**What is required**
Wherever a picture sits, omit it. Output the rest of the listing exactly.

**Supplied information**

● ● ● ● ●

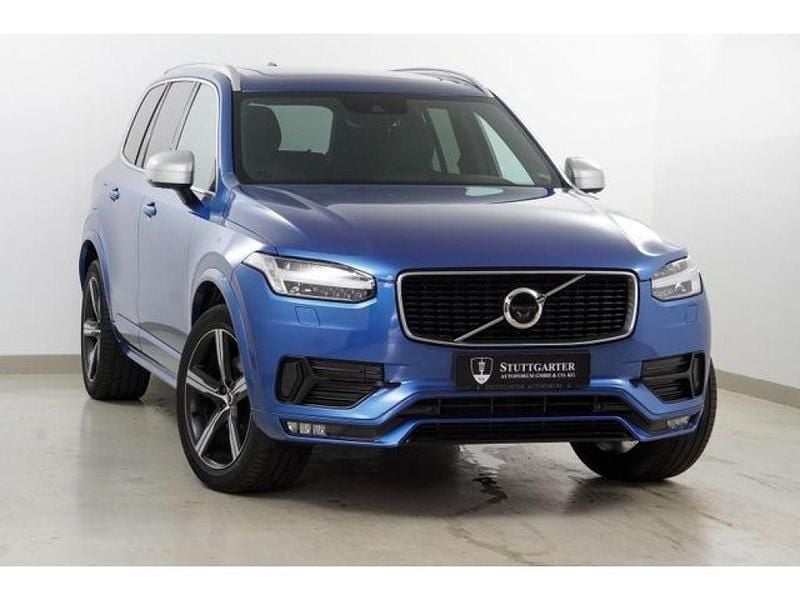 Gebraucht Volvo XC90 250 PS (183 kW) 2018 Bursting blue / (metallic) SUV
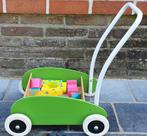 Houten babywalker/loopwagen, Kinderen en Baby's, Speelgoed | Houten speelgoed, Ophalen, Gebruikt, Duw- of Trekspeelgoed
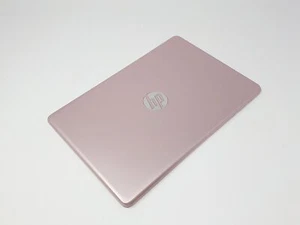 Genuine HP Stream 11-AK LCD Screen Back Cover Top Case Rear Lid Pink L44461-001 - Picture 1 of 16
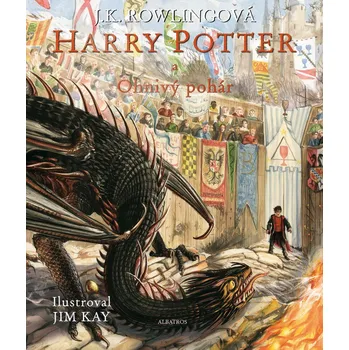 Harry Potter a Ohnivý pohár - Joanne K. Rowlingová (2019, pevná)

● ● ● ● ●

**Result of the exercise**
 Gebraucht Volvo XC90 250 PS (183 kW) 2018 Bursting blue / (metallic) SUV
 Houten babywalker/loopwagen, Kinderen en Baby's, Speelgoed | Houten speelgoed, Ophalen, Gebruikt, Duw- of Trekspeelgoed
 Genuine HP Stream 11-AK LCD Screen Back Cover Top Case Rear Lid Pink L44461-001 - Picture 1 of 16
 Harry Potter a Ohnivý pohár - Joanne K. Rowlingová (2019, pevná)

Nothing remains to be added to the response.